As Travis McMichael’s first guilty verdict was read, there was an audible cheer in the courtroom—prompting Chatham County Superior Court Judge Timothy Walmsley to admonish the gallery and ask for silence. Arbery’s mother, Wanda Cooper-Jones, sobbed aloud as Rev. Al Sharpton held her hand.

Walmsley said the trio’s sentencing date would be determined later, and the convicted murderers were escorted by court officials out of the room. The three men were wearing leg shackles and handcuffs en route to Glynn County Detention Center. Each man faces a maximum sentence of life in prison—plus separate, federal hate-crime charges.

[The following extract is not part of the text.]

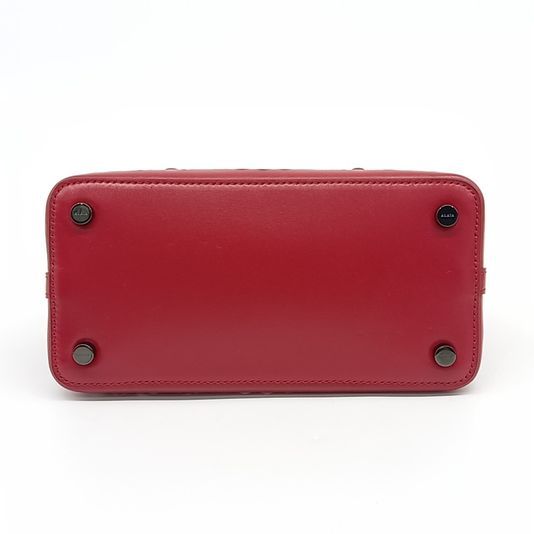Alaia Laser Cut Mina Bag 20 (10267343)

In a press conference after the verdict, Cooper-Jones thanked supporters and admitted that she “never thought this day would come.”

“It’s been a hard fight, but God is good. [Ahmaud] will now rest in peace,” she said, flanked by her lawyers and Sharpton.

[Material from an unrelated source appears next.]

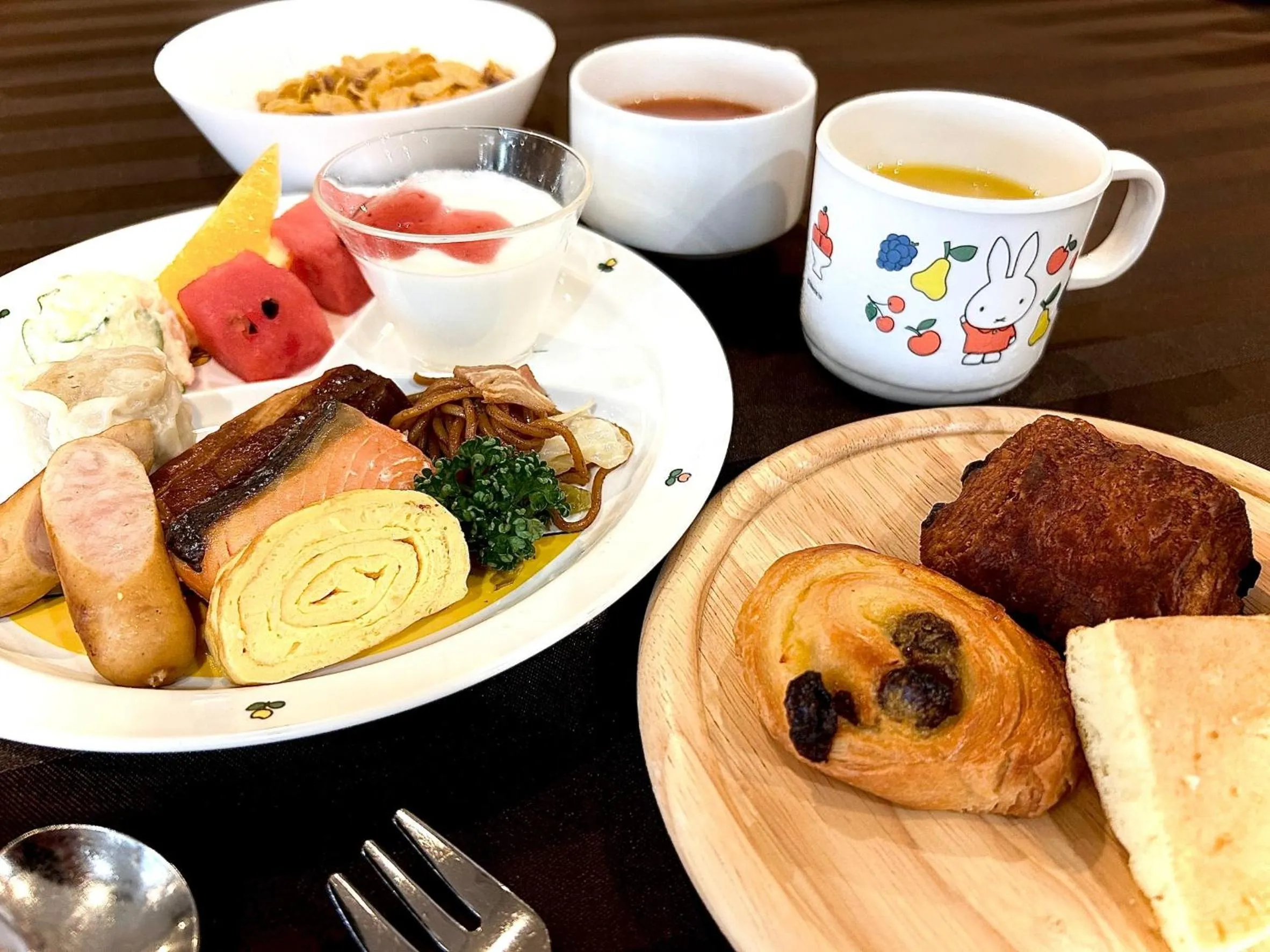 Hotel Clio Court Hakata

Brunswick Mayor Cornell Harvey told The Daily Beast that he believes the guilty verdicts will prove to the world that the Deep South isn’t what it used to be.

“This shows the world that you can get justice in a small southern town,” Harvey said. “Here, it doesn’t matter what color you are because justice has no color. I knew a long time ago that this was a spark for change in America. This shows the world that change can happen here and everywhere.”

Throughout the almost three-week trial, prosecutors argued that Arbery was on a jog through Satilla Shores, a mostly white neighborhood in Brunswick, Georgia, when the trio chased him down the street after wrongly suspecting him of burglary. Travis McMichael was caught on video footage—filmed by the third defendant, Bryan—firing the fatal shots.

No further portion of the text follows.